I am trying to do Face recognition from AT&T face database and its folder has a very different structure ie. 40 folders with 10 photos each and I want 8 images from each folder as training and other 2 as test images. But I don’t want to label all the data again and put them in a different folder structure. How can I achieve this ??

Here is the [Database].(http://www.cl.cam.ac.uk/Research/DTG/attarchive:pub/data/att_faces.zip )

Thanks

shawn · April 23, 2017, 12:57am

Hi Anshaj,

I’m not sure exactly what your objective is. Is the goal to classify a new photo as being one of the 40 subjects in the training set? If so, then you are starting with a directory structure exactly like we saw in Lesson 1: cats in one folder, dogs in another. Only in this case, there are 40 classes instead of two.

If you have a different objective, you would have to reorganize your data to suit that objective. For example, if the 10 photos of each subject are from specific angles or lighting conditions and you want to predict the angle or lighting condition, then you’d need to restructure your images so that all of the photos (regardless of subject) are grouped by angle or lighting.
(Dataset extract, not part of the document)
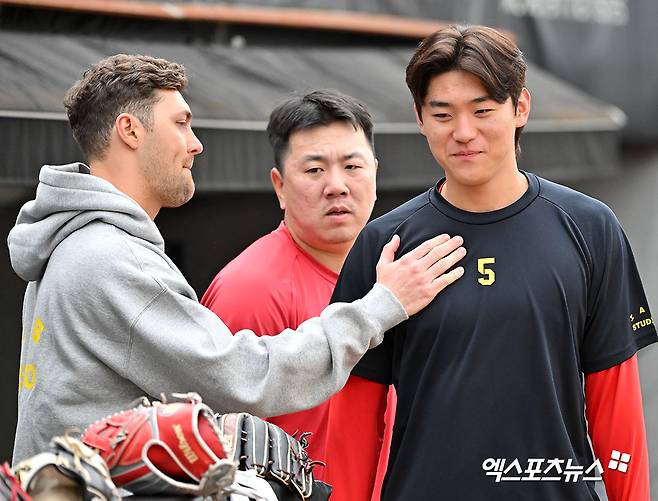 21일 오후 광주기아챔피언스필드에서 열리는 '2024 신한 SOL Bank KBO 한국시리즈' 삼성 라이온즈와 KIA 타이거즈의 1차전 경기, 이날 선발투수로 예고된 KIA 네일이 김도영과 장난을 치고 있다. 광주, 김한준 기자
You said that you don’t want to put your images in a different folder structure. Is there a reason why? The ImageDataGenerator class in Keras comes with a handy flow_from_directory() function that works nicely for classification tasks where the examples are organized into per-class subdirectories. You don’t have to use it; you could write your own generator to do this differently. But it’s not too hard to move files around in Python, so I’m not sure that you’ll be saving yourself any time or effort.

In general, data analysis tasks will usually include a significant amount of “data wrangling,” so it’s a good idea to get comfortable doing whatever wrangling needs to be done on a particular task.

Good luck!